IBM has claimed that its researchers have achieved a major break-through in quantum computing that could help lead to the development of machines able to carry out processing tasks at speeds far beyond those of modern supercomputers.
The firm said that using a variety of different techniques it has managed to establish a series of ways to reduce the errors that can occur during computations to ensure results that quantum computers return using quantum bit (qubit) technology are accurate.
Quantum computing works by the machine analysing both the 1's and 0's of any calculation at the same time, rather than one or the other as current computer do, so calculations can be made far faster, as Quocirca analyst Clive Longbottom explained.
"Instead of storing a bit of information as a 1 or a 0, you store it within a qubit as a one or a zero - but groups of qubits work together to allow a broader range of numbers to be stored," he told V3.
"Therefore, a qubit can be in two states at the same time and so a computer built on qubits can have an infinite amount of data stored in them at any one time."
The difficulty for researchers has been making computers able to both carry out calculations in this way and being able to handle the results they generate at the same time, but IBM believes it is now just 10 to 15 years away from cracking this problem.
IBM said its approach is based on the creation of a ‘three-dimensional' superconducting qubit (pictured above), which can improve the time the qubits are able to handle the calculations they can make by as much as four times, although this still only equates to 100 microseconds.
However, IBM said this is long enough to pass the "minimum threshold" that can allow error correction calculations to be instigated, suggesting that researchers can focus on considering how to scale quantum computing to real-world uses.
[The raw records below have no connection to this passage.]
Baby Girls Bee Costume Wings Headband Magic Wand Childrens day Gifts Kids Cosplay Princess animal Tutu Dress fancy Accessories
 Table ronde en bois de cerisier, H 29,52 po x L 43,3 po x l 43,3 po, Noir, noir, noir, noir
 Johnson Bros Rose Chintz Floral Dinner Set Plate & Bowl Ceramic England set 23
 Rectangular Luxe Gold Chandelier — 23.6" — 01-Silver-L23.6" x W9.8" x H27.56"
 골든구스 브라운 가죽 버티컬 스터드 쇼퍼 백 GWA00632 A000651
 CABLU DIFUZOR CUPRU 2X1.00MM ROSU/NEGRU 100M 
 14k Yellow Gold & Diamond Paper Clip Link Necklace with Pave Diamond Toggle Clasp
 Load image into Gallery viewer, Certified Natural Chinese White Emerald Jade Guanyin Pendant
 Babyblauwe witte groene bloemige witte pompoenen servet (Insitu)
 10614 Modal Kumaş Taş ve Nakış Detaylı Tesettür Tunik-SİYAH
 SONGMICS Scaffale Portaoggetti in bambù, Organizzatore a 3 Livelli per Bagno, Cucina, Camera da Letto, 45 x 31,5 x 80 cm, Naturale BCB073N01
IBM scientist Matthias Steffen, manager of the IBM research team, said the development could herald the start of a new era of computing.
"The quantum computing work we are doing shows it is no longer just a brute force physics experiment. It's time to start creating systems based on this science that will take computing to a new frontier," he said.
The capabilities of quantum computing could enable huge advances in data security by offering vastly improved encryption capabilities, improved database searching and even being able to solve as yet unsolved mathematical problems, IBM claimed.
The firm is set to unveil results that will provide evidence of its advances at the American Physical Society in Boston on Tuesday.